=== Section Start ===

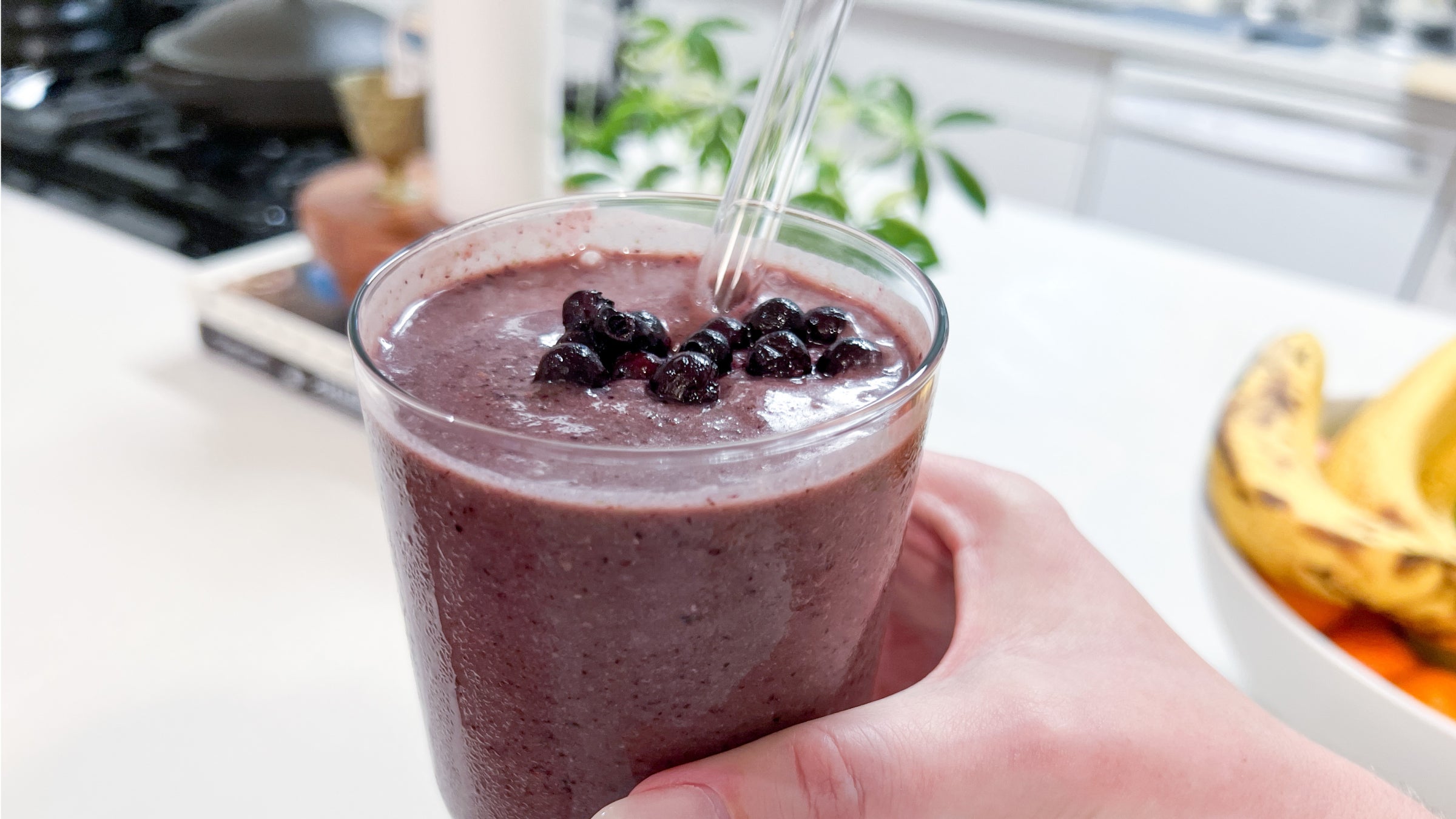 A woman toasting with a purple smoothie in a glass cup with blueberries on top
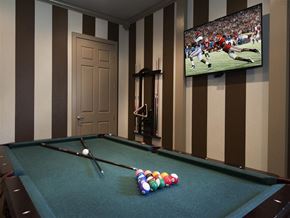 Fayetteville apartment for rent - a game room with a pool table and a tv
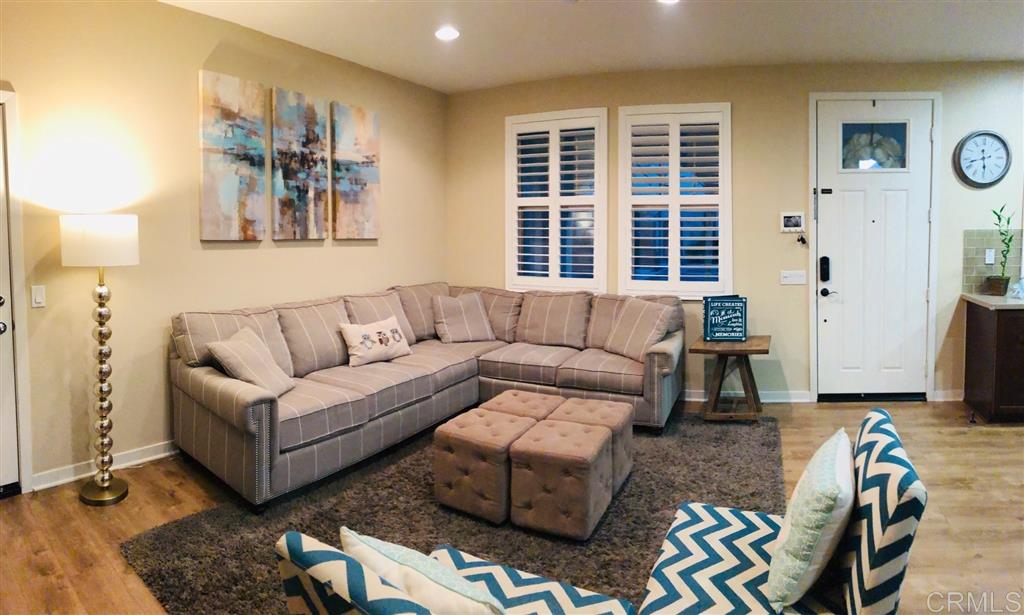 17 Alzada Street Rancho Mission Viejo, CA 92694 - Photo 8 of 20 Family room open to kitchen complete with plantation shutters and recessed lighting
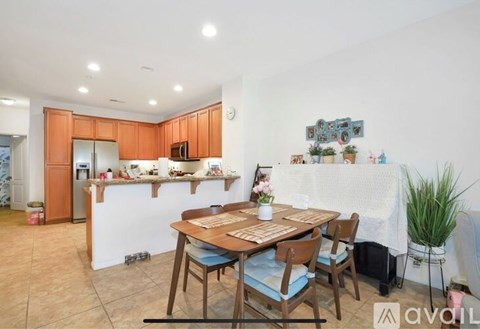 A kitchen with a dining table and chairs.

=== Section End ===

With pictures omitted, reproduce exactly the lines from the line containing "17 Alzada Street" through the end of the data above.

 17 Alzada Street Rancho Mission Viejo, CA 92694 - Photo 8 of 20 Family room open to kitchen complete with plantation shutters and recessed lighting
 A kitchen with a dining table and chairs.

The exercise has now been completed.